This is Penn State

Knowledge-Based Machine Learning (supported in part by grants from the National Science Foundation and the National Institutes of Health)
 

Scientific applications of machine learning present a growing need for incorporating physics, constraints, e.g., symmetries, invariances, equivariances, measurement uncertainties, process descriptions, e.g., differential equations, algebraic functional forms, knowledge graphs, e.g., periodic table of elements, to overcome the limitations of otherwise purely data-driven ML models. Existing knowledge-informed ML (KIML) methods fall into the following : (i) Physics-informed ML (PIML) methods that incorporate physics into ML, e.g., neural network architecture or loss function; (ii) Methods that incorporate domain knowledge as constraints or terms in the objective function; (iii) Geometric learning methods that ensure that incorporate invariances, and equivariances into learned representations; and (iv) Bayesian models that incorporate knowledge into priors.
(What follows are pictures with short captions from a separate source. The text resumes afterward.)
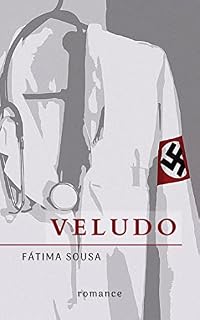 Livro Veludo
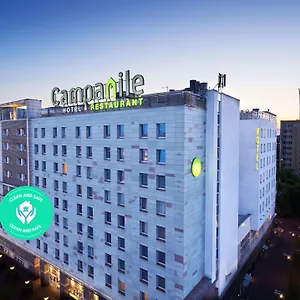 Campanile Centrum Ξενοδοχείο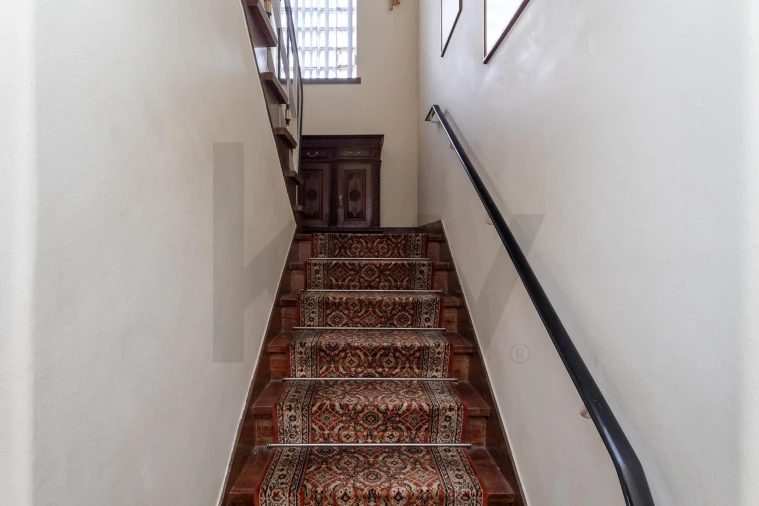 Moradia T5 para Venda em Algueirão-Mem Martins Foto 34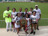 CIAA & NCAA Regional Women's Cross Country Champions 2006
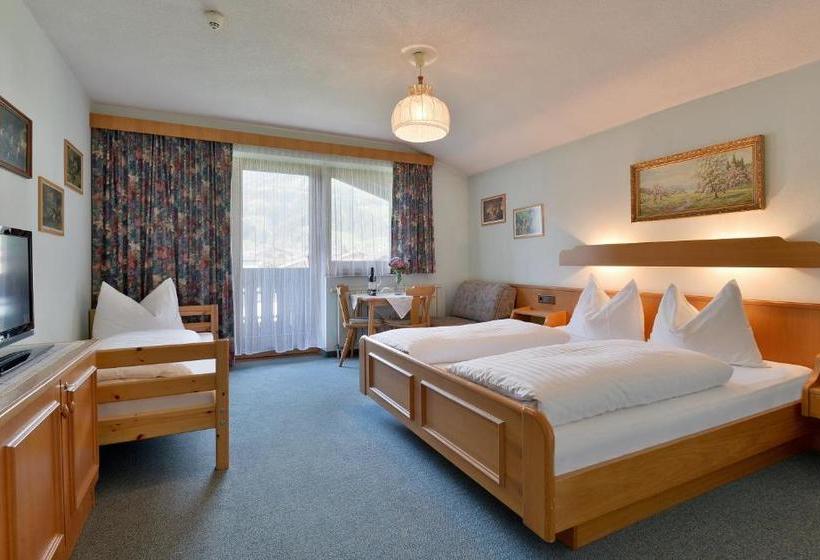 ホテル Erzherzog Johann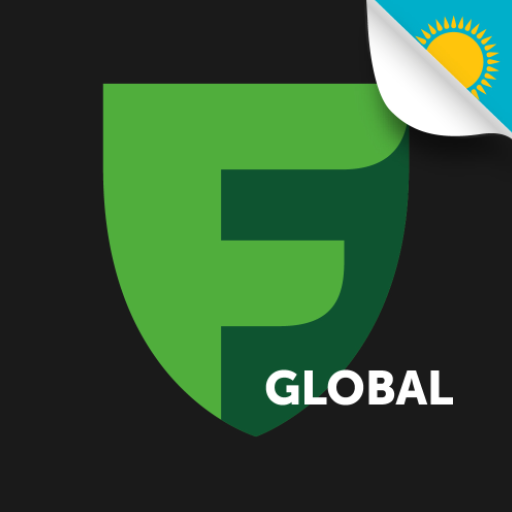 Tradernet.Global logo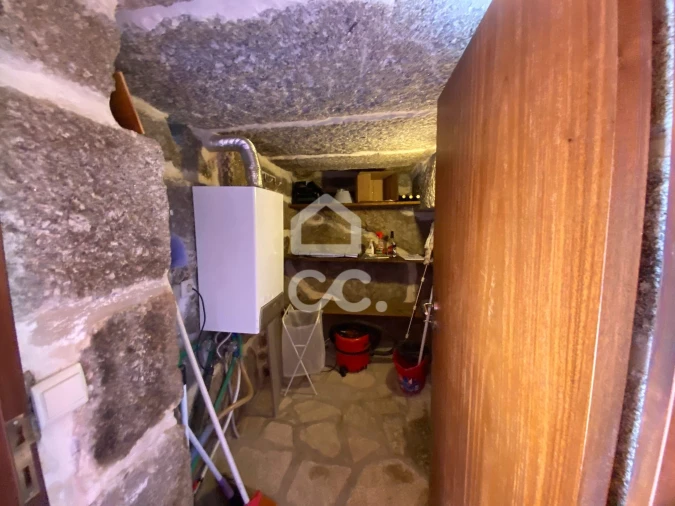 Moradia T3 para Venda em Ribeiros Foto 21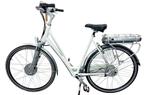 E-Bike Sparta Emotion C5 28"/57cm/8ver - Garantie/Levering, Gebruikt, Sparta, Facebikenl@gmail.com, 55 tot 59 cm
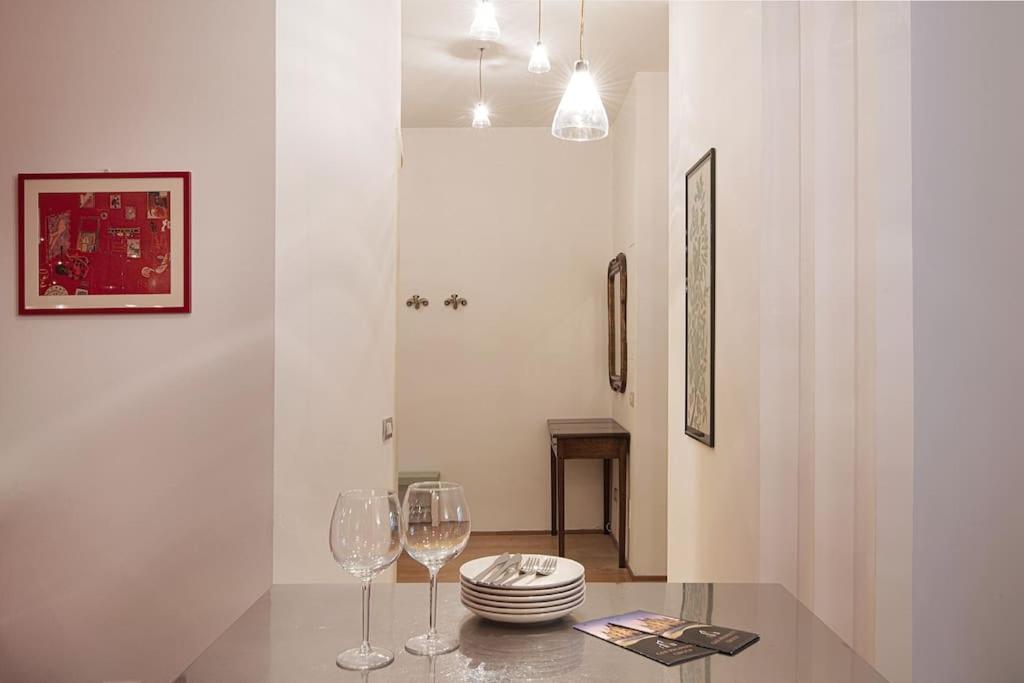 Buenos Aires Residence - Stazione Centrale Milan Luaran gambar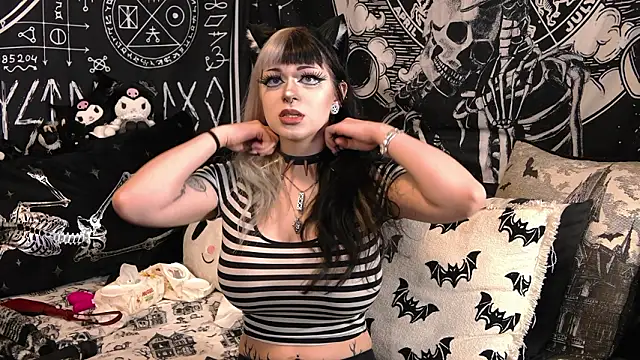 Paige Turner online show from March 14, 2026, 12:05 am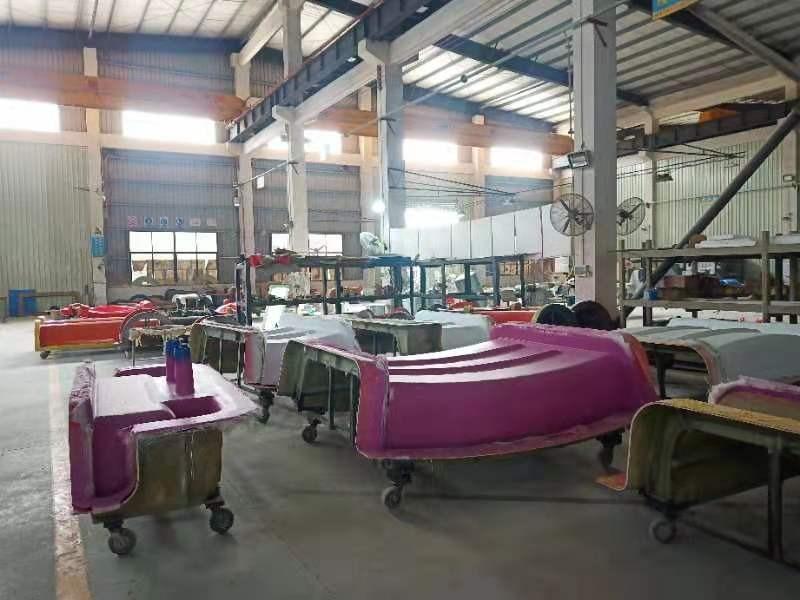 Verified China supplier - Guangdong Dapeng Amusement Technology Co., Ltd.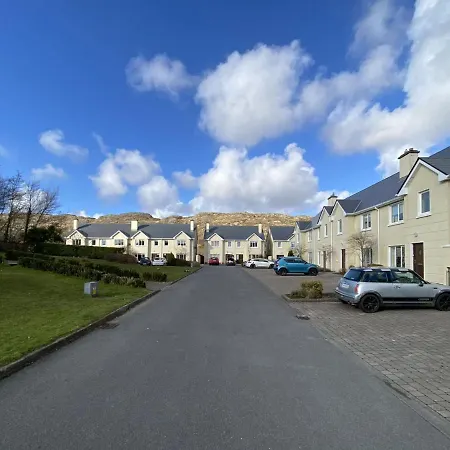 Cottage 428 - Clifden Holiday home Clifden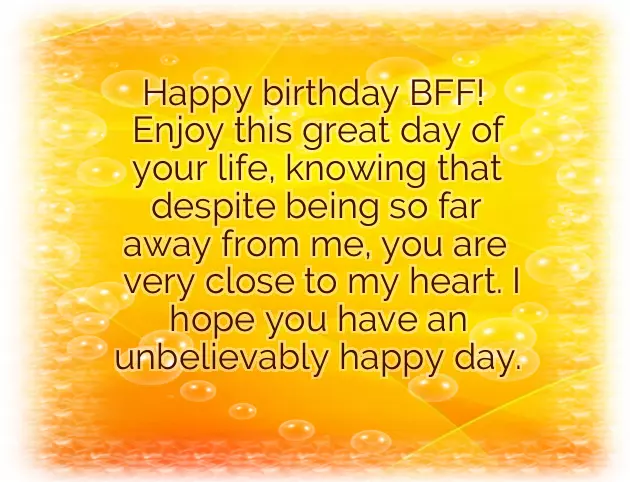Birthday Quotes For Close Friend Girl Birthday Quotes For Close Friend Girl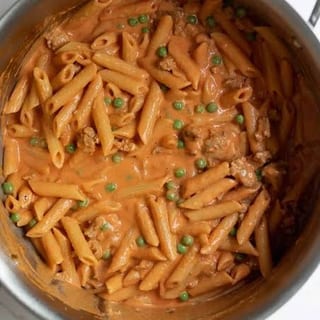 Penne alla Vodka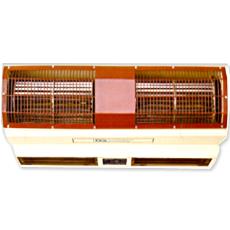 Air Curtains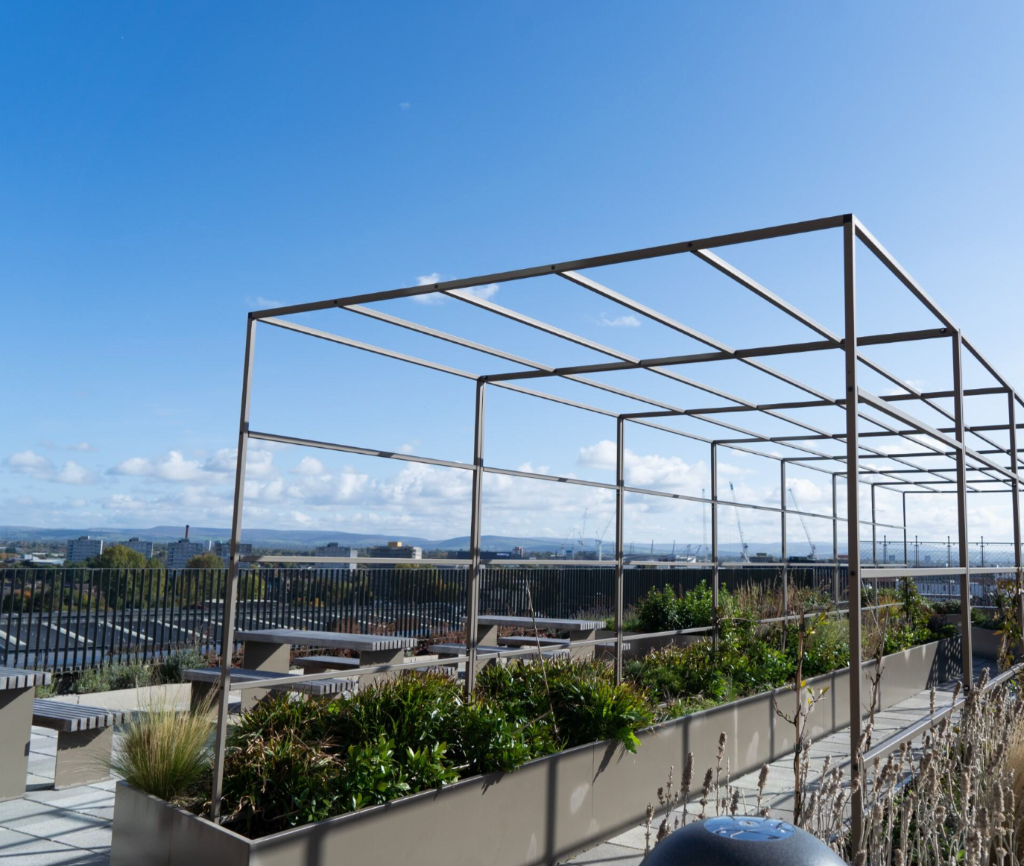 Main image of property: Bendix street, Manchester, Greater Manchester, M4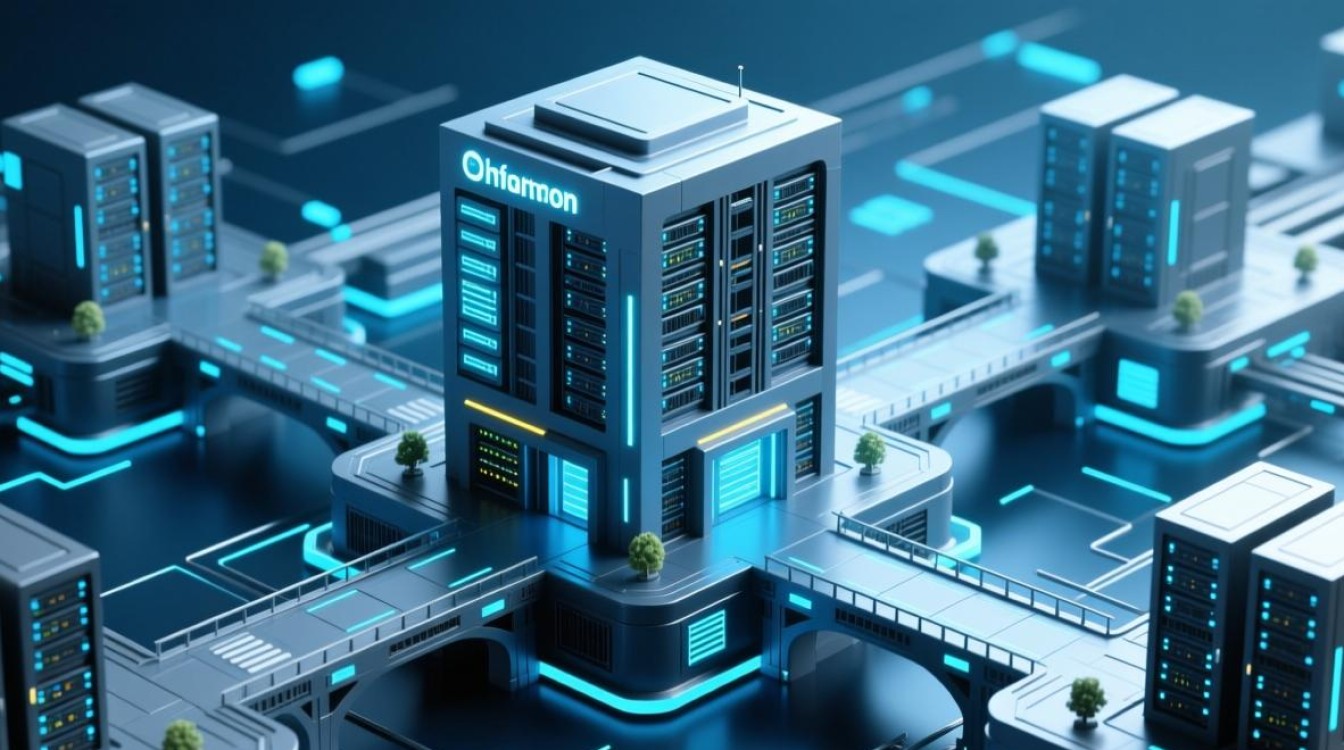 服务器加域名解析,这二者如何有效结合实现高效网络访问? 服务器加域名解析,这二者如何有效结合实现高效网络访问?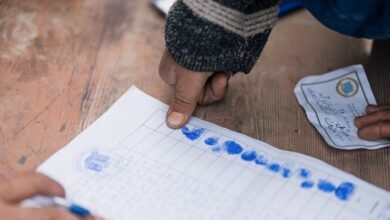 number registry documents specific ids listed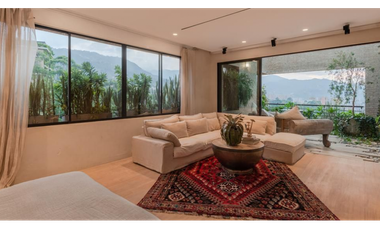 Venta Penthouse Dúplex Poblado San Lucas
Our recent work has resulted in:

  • Methods that exploit knowledge of the periodic table to adapt machine learned interatomic potentials to new material structures made of elements that do not appear in the training data.
  • Knowledge-based extensions of the state-of-the-art physics-based reactive force-field pioneered by van Duin with additional parameterized functional obtaining significant improvements the state-of-the-art methods in accuracy as well as speed. This approach could vastly make high-accuracy potential based reactive MD simulations more accessible to a broader range of researchers.
Work in progress aims to develop generalizable approaches to informing data driven machine learning methods with knowledge of various forms, and evaluating the resulting methods on scientific applications, e.g., construction of universal interatomic potentials and thermodynamic equations for materials discovery, design, and synthesis.